DeepSeek R1 Technology Successfully Migrates to the Multimodal Domain, Fully Open Sourced
Discover Visual-RFT—an open-source breakthrough that extends DeepSeek-R1’s rule-based reinforcement learning to vision-language models for efficient few-shot learning.
Today, we are excited to introduce a breakthrough open-source project for visual reinforcement fine-tuning — Visual-RFT (Visual Reinforcement Fine-Tuning).
Visual-RFT extends the rule-based reward reinforcement learning method behind DeepSeek-R1 and OpenAI’s Reinforcement Fine-Tuning (RFT) paradigm from pure text large language models to vision-language large models (LVLM).

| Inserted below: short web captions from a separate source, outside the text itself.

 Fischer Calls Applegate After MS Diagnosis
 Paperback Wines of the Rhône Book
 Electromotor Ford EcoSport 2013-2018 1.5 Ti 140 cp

By designing corresponding rule-based rewards for tasks such as fine-grained classification and object detection in the visual domain, Visual-RFT breaks the limitations of the DeepSeek-R1 method—which was previously confined to a few areas like text, mathematical reasoning, and code—thus paving a new path for training vision-language models!
Figure 1 illustrates this process with an image containing many Pokémon. When the model trained through multimodal reinforcement fine-tuning Visual-RFT is asked which Pokémon can use the move “Thunderbolt,” the model accurately locates the bounding box corresponding to Pikachu through a < think > reasoning process, showcasing the model’s generalization capability.